Kubernetes Control Plane Charm

Bug #2022859
Comment #0

Comment 0 for bug 2022859

Revision history for this message

Arun Neelicattu (arun-neelicattu) wrote on 2023-06-04:

Observed Behaviour
------------------
1. kubernetes-control-plane units never get to active/idle state.
2. kubernetes-control-plane units continuously reacts to client relation / config change events causing restarts.
3. easyrsa units detect client relation changes triggering certification revocation and generates new certificates with different SANs.

Would be great if someone has a workaround for this that we can use.

Probably Root Cause
-------------------
When multiple DNS records exists for the host, python's socket.getfqdn() calls will provide inconsistent results between calls due to https://github.com/python/cpython/issues/49254.

For example the following commands were consecutively executed on one of the control plane machines.

root@juju-bf6a17-0:/# python3 -c 'import socket; print(socket.getfqdn())'
10-XXX-XXX-XXX.example.net
root@juju-bf6a17-0:/# python3 -c 'import socket; print(socket.getfqdn())'
juju-bf6a17-0.example.net

This causes the SAN list generated for the certificate request to be different every time. https://github.com/charmed-kubernetes/charm-kubernetes-control-plane/blob/7258630cf0a5560a665ed1e4770cc8f2f52013c4/reactive/kubernetes_control_plane.py#L1570C7-L1588

This then triggers a certificate change and the cycle continues.

Proposed Fix
------------
A potential fix here could be to replace the call to `socket.getfqdn()` to the patched method in the cpython upstream issue.
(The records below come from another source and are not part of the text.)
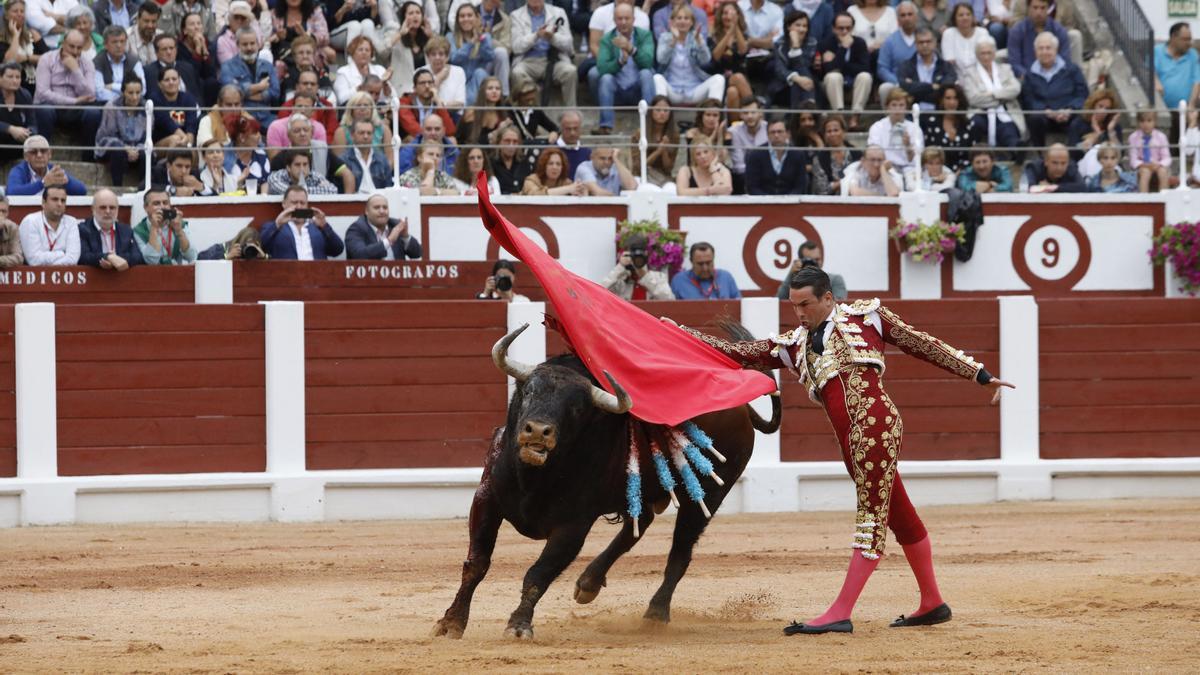 José María Manzanares da un pase de pecho en una de sus tardes en El Bibio.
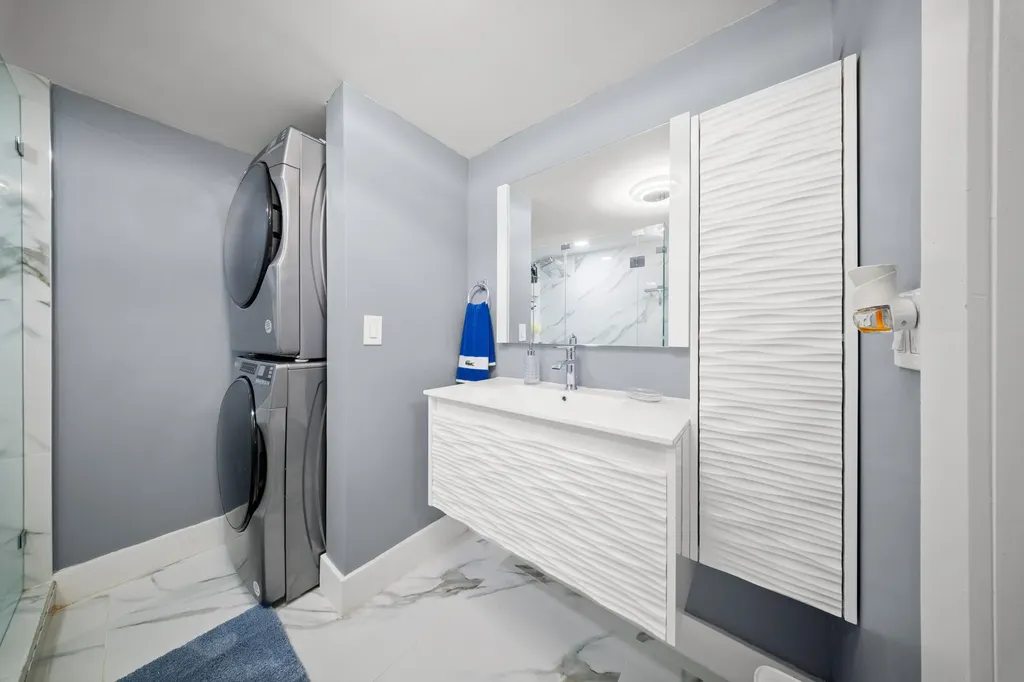 1524 Forest Lakes Circle West Palm Beach FL 33406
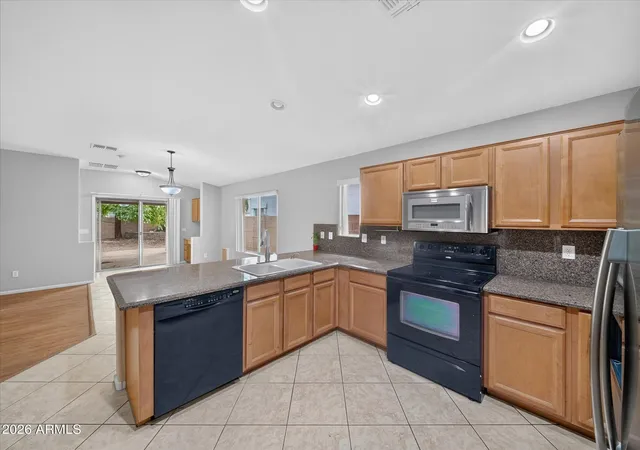 Photo 3 of Single family home for sale at 633 E Leslie Ave, San Tan Valley, AZ 85140 | MLS# 7056965 | Listing updated on 2026-09-17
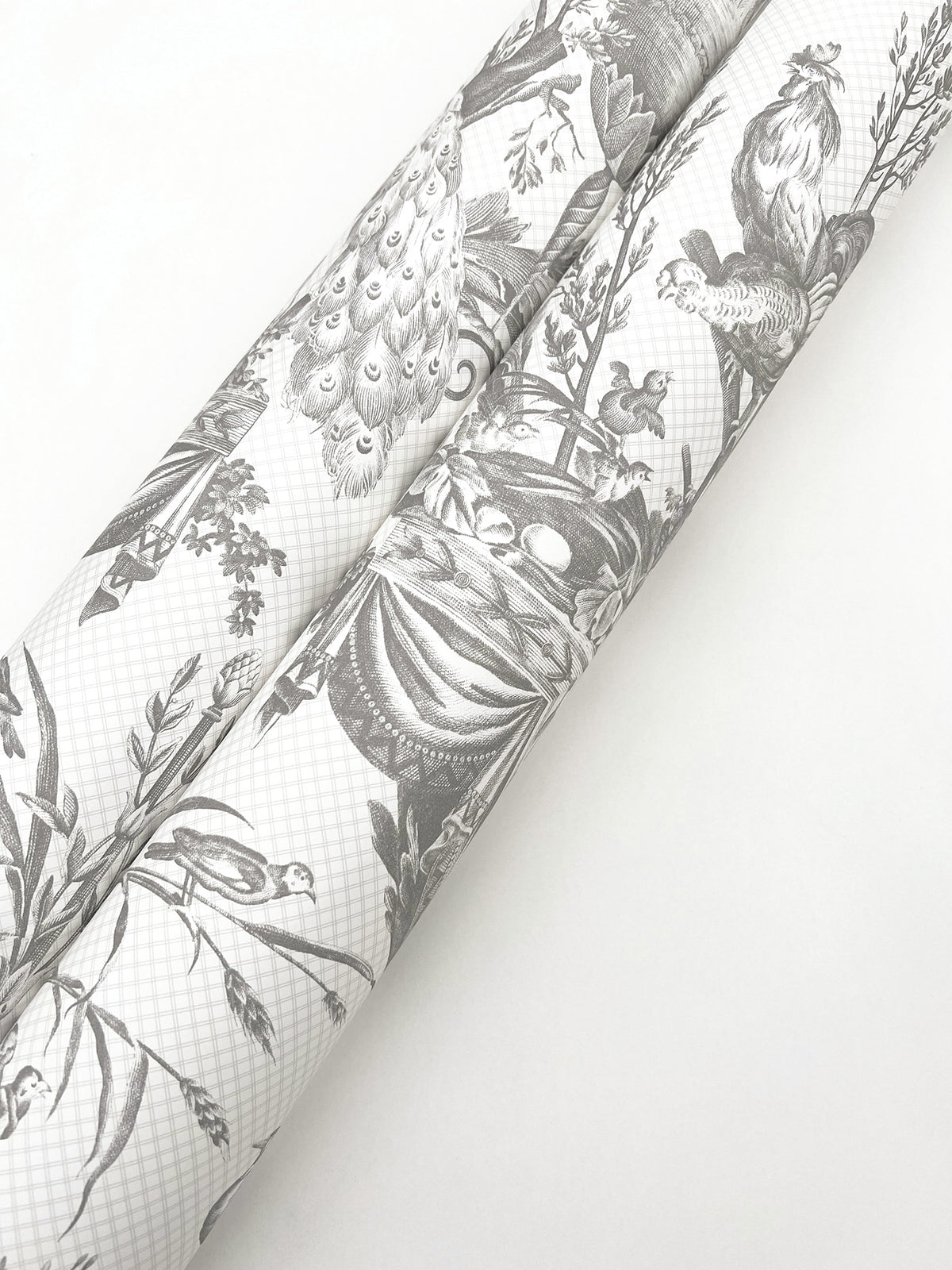 RT7815-peel-and-stick-wallpaper-detail-closeup-2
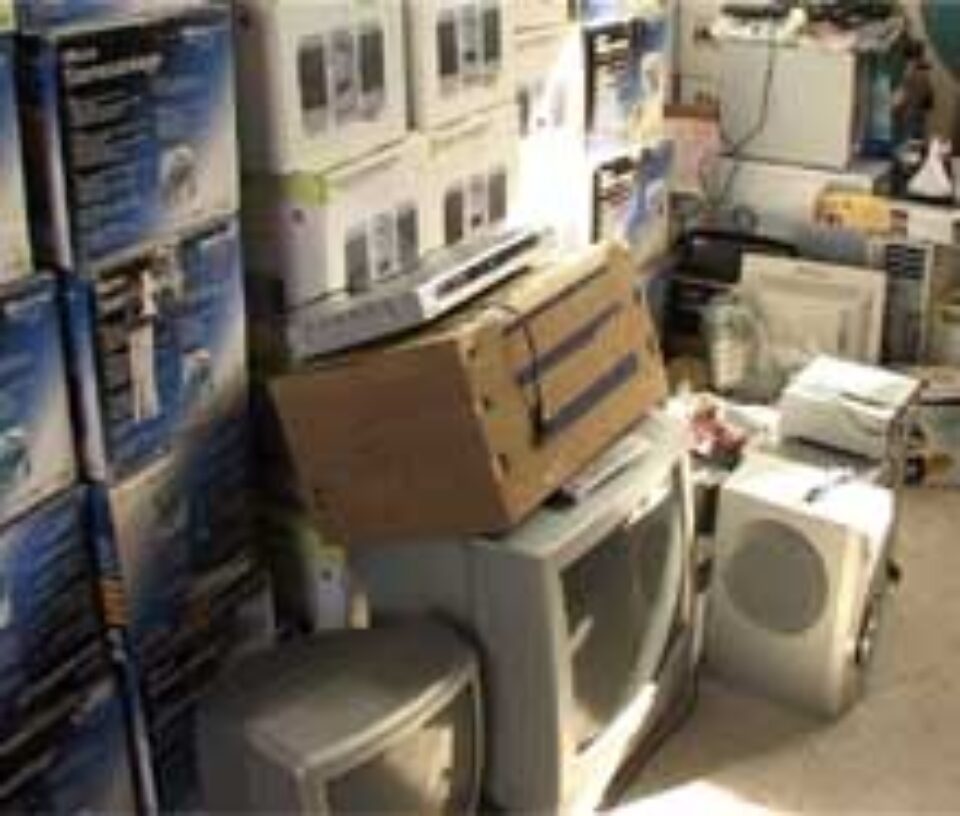 Zeci de colete nevămuite introduse ilegal în țară de un șofer sucevean Zeci de colete nevămuite introduse ilegal în țară de un șofer sucevean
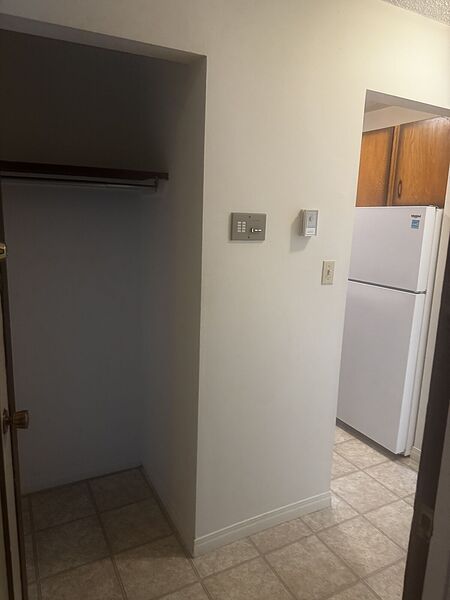 Calgary 2 bedrooms Apartment for rent. Property photo: 426752-3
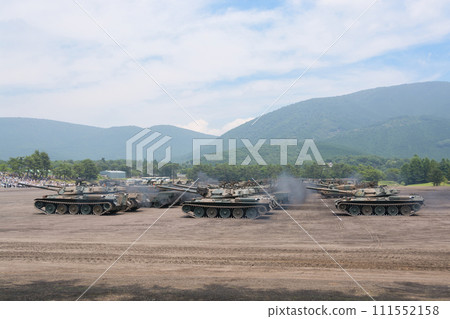 日本陸上自衛隊74式戰車列隊啟動發動機 111552158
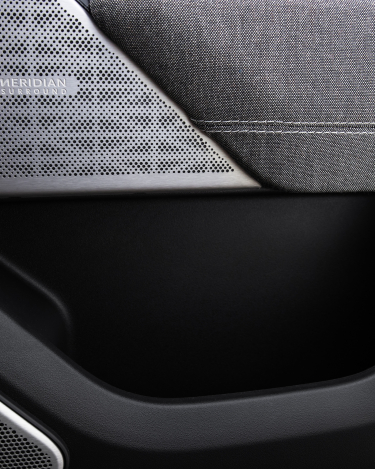 2021-Range-Rover-Velar-Interiors-31
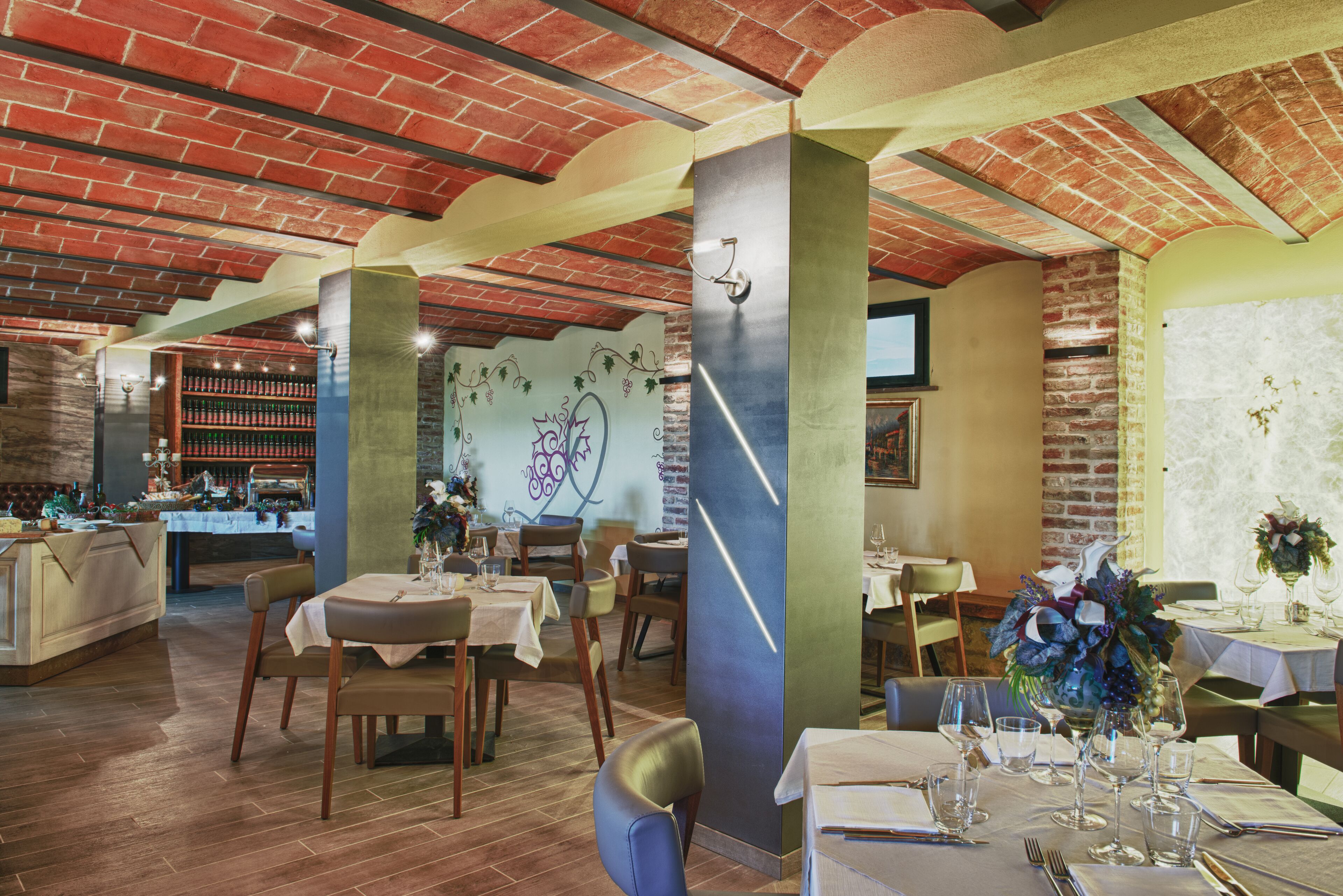Un restaurante con techos de ladrillo, mesas y sillas de madera.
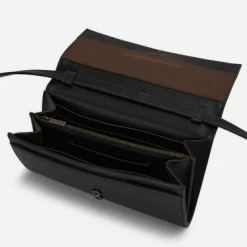 Rowan Clothing Co. Women's Matt & Nat Lette Vintage Wallet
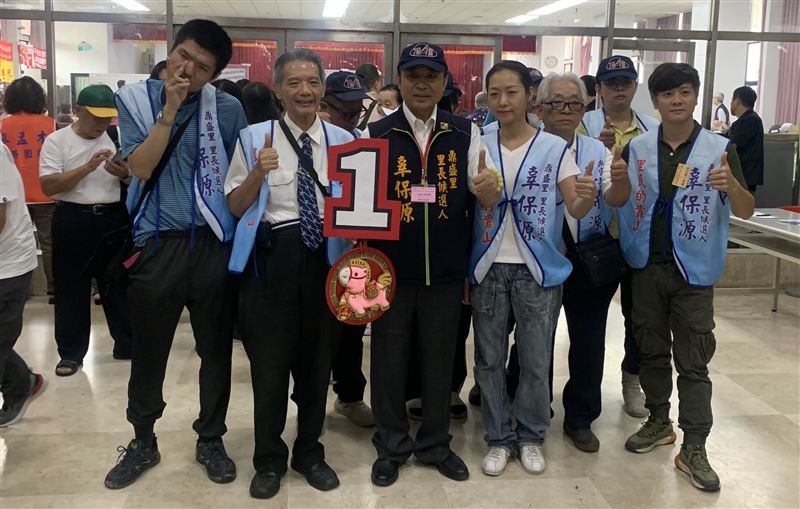 抽中籤王1號!三民區鼎盛里長候選人辜保源高舉Q版馬喊「一馬當先」,誓言翻轉20年沒落街區。(圖/翻攝畫面)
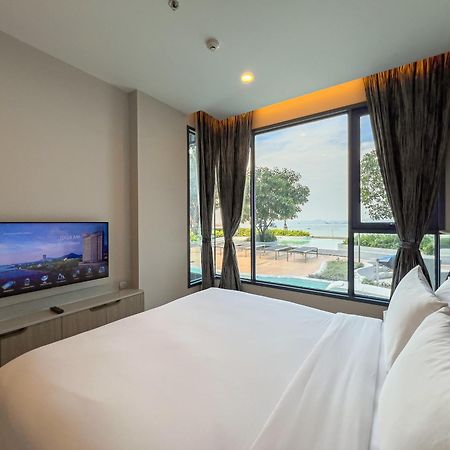 S Sriracha Hotel & Residence Сі-Рача Екстер'єр фото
For convenience, I have put the code into a gist at https://gist.github.com/abn/c4165a6d288e5f7137bdec5a4db199d1.

Alternatively, you can simply replace the call with the following.

socket.getaddrinfo(socket.gethostname(), None, 0, socket.SOCK_DGRAM, 0, socket.AI_CANONNAME)

Ideally the fix can be replicated and/or reused across all the charms that request for certs.